Code review comment for lp:~allenap/python-pgbouncer/reliable-shutdown

Revision history for this message
Gavin Panella (allenap) wrote :

[...]
> If pgbouncer is a child of the test process, it should die along
> with the process. Don't mess with atexit if you can avoid it. It'd
> be good to give this a manual try though, just in case. You can
> probably just insert a long sleep and issue a manual “kill -segv
> <pid>” to see what happens if the test process dies without any
> python exit handling whatsoever.

SIGSEGV and SIGTERM leave pgbouncer running, bug SIGINT allows
clean-ups to run (because it's a KeyboardInterrupt) so that pgbouncer
gets terminated. I think this is acceptable.

Rob has previously warned (w.r.t. rabbitfixture) not to be too clever
with cleaning stuff up from earlier. He advised something along the
lines of: it's better to let these things go awry and thus draw our
attention to leaks rather than patch things over.

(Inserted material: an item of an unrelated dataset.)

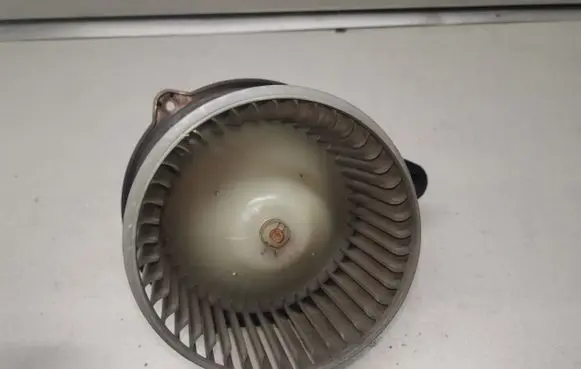 Audi A6 S6 C5 4B Heater fan/blower 4B1820021 0130111202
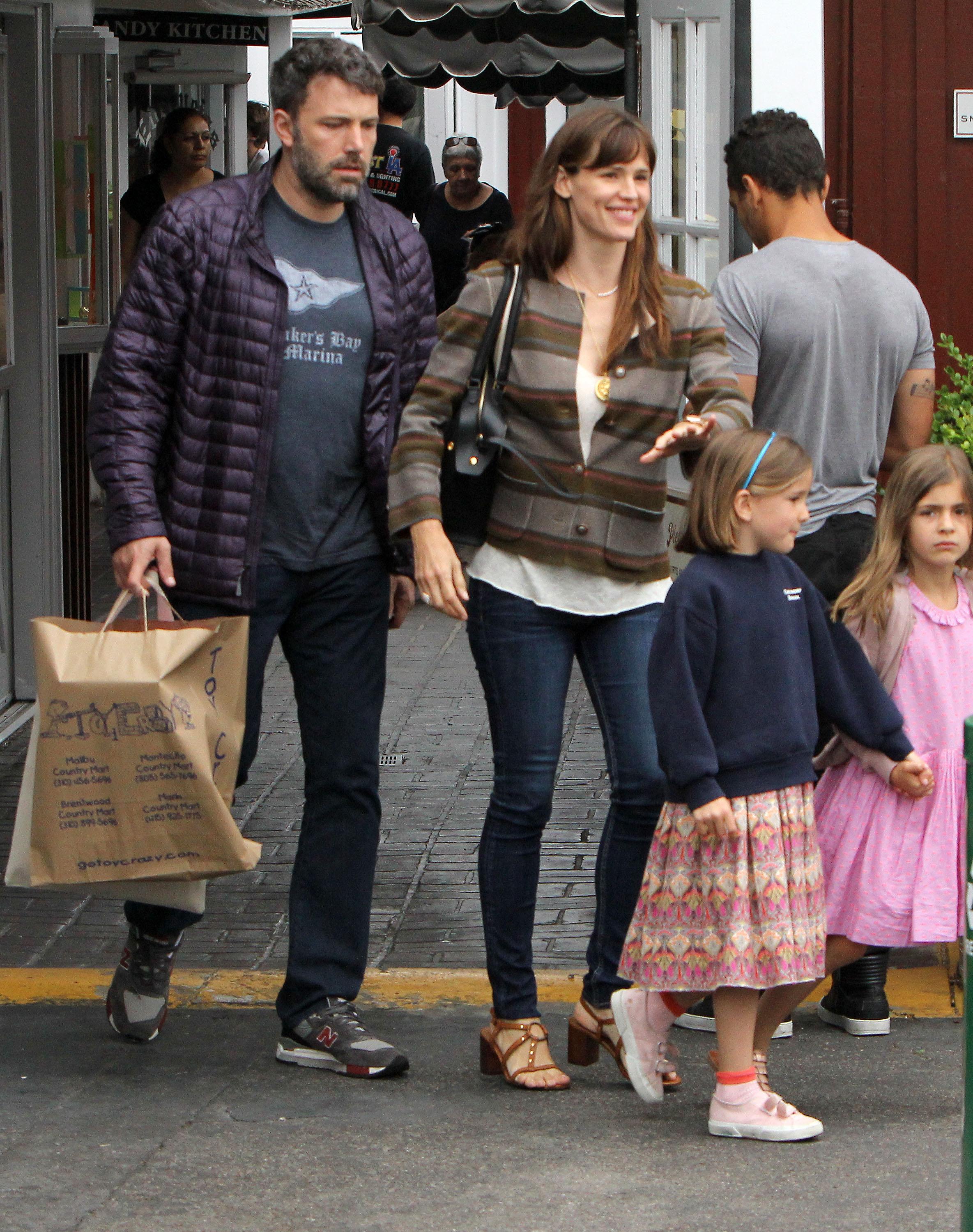 Ben Affleck &amp; Jennifer Garner Take Seraphina Toy Shopping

> > > * Why treat the files you open as binary? Take a pidfile, for
> > > instance. I don't suppose it'll ever matter, but isn't that a
> > > text file? Adding the "b" to the open modes seems to confuse
> > > more than help.
> >
> > Just a habit. The Python docs state that using "b" improves
> > portability. Not that it's needed, but it does no harm, and the
> > "features" of text mode are not needed anyway.
>
> AFAIK it only improves portability for files that aren't pure text!

Though there is no different on Linux (afaik), treating every file as
binary reduces surprises on other platforms. Having a distinction
between text and binary reminds me of FTP ASCII mode and what a
horror-show that is.

When writing to a file I rarely use print, for example; I prefer to
use .write(), which means I must think about and insert line-endings
myself. I guess this _might_ tempt me to use text mode for writing a
file, but more often than not I'd simply use Unix line-endings. Only
notepad.exe is likely to have any problem opening files like that.

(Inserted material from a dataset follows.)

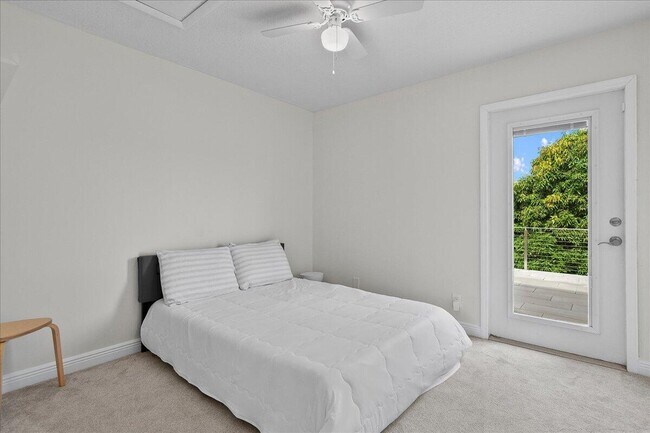 Building Photo - 2447 Country Golf Dr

If I want to read a file line by line that could have any line-ending,
I will either slurp it in and call splitlines(), or use universal
newlines.

In the fixture there are three places where I use binary mode: opening
the output file for pgbouncer, opening the input file (/dev/null) for
pgbouncer, and for reading the PID file.

The first two mimic shell redirections, which must use binary mode (or
else piping tar to gzip would break on Windows).

The PID file is slurped in and immediately stripped (and is expected
to be no more than one line anyway) so line-endings are irrelevant.